We have tried to focus on businesses and industries that are more recession-resistant and stable, less cyclical and less asset-intensive, which comes from our strategy of driving returns from operating improvements as opposed to betting on a cycle, technology, product or particular customer set. We implemented that strategic focus a long time ago, but it is even more apparent as a positive given the period we're in.
Many people are convinced that the current economic downturn will be deeper and more prolonged than we've seen in any of the more recent cycles. It is clearly an asset to have a full-time internal team of operating partners – in our case former corporate CEOs – who have, in a sense, been there and done it before.

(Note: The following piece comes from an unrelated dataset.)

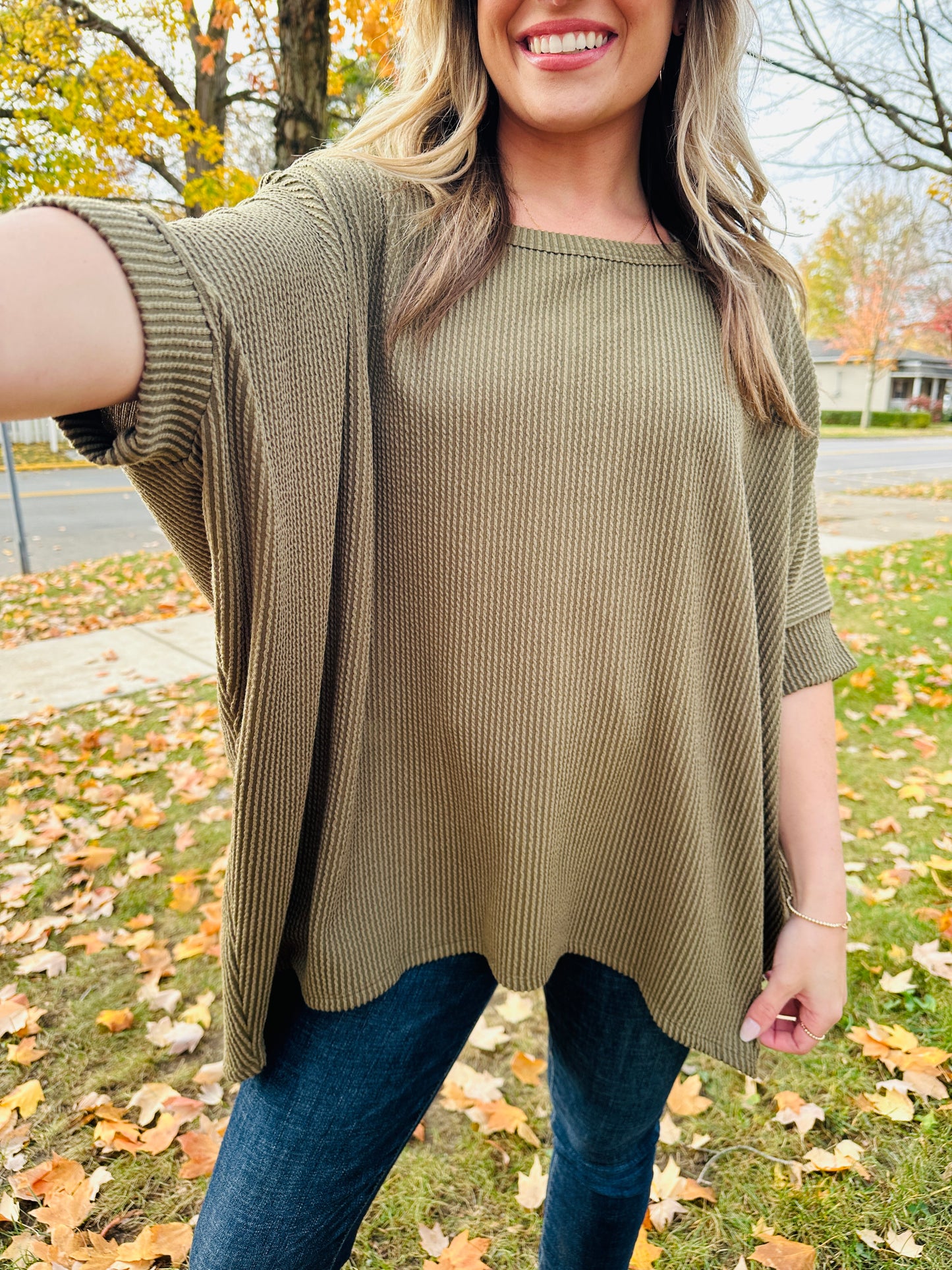 REG/CURVY Casual Charm Top- Multiple Colors!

From a new deal standpoint, in the near term there definitely is a constraint resulting from the lack of leverage available. Leveraged lending will come back very selectively and will take a while, but we think it will come back in a very advantageous way to CD&R. Lenders and debt investors are going to be much more selective, and our operationally driven model will be attractive. We also think that, to the extent that sellers are forced to assist in the lending for a transaction, they too will favour a CD&R-type model, which is deeply grounded in getting cost and productivity gains and generally improving the fundamental operating performance of businesses.
We've got four or five years of liquidity to fund operations at each of the portfolio companies, even if they are cash-flow neutral from operations. When you have leveraged companies without covenants, what will trip up a lot of businesses will be access to cash. We very deliberately built liquidity cushions for each company we acquired when the sun was shining and the sky was clear, which has turned out to be a very valuable insurance policy in today's environment.
The liquidity also is a real asset as a source of funding for add-on acquisitions. Many of our companies are looking at whether now is the time to play offense, not just defense. The choice being debated is “buy or bury”. It's not a pretty term but sometimes you can take business away from competitors on a more capital-effective basis without buying them.
In a macro sense, Europe's transaction sizes tend to be smaller, the syndications are tighter and that may help the market recover a little more quickly. There is a more developed mezzanine market so some of the smaller transactions should happen. We closed a transaction in Europe, Bodycote Testing Group, in October with about 55 percent equity. To make a broad generalisation, there may be more balance sheet capability in Europe right now than in the US relative to the size of the markets.
However, there's a real lag between the credit and fiscal programmes in some of the European countries versus the US, so there is a continuing lag in terms of when they see the bottom and when the recovery comes in individual European economies.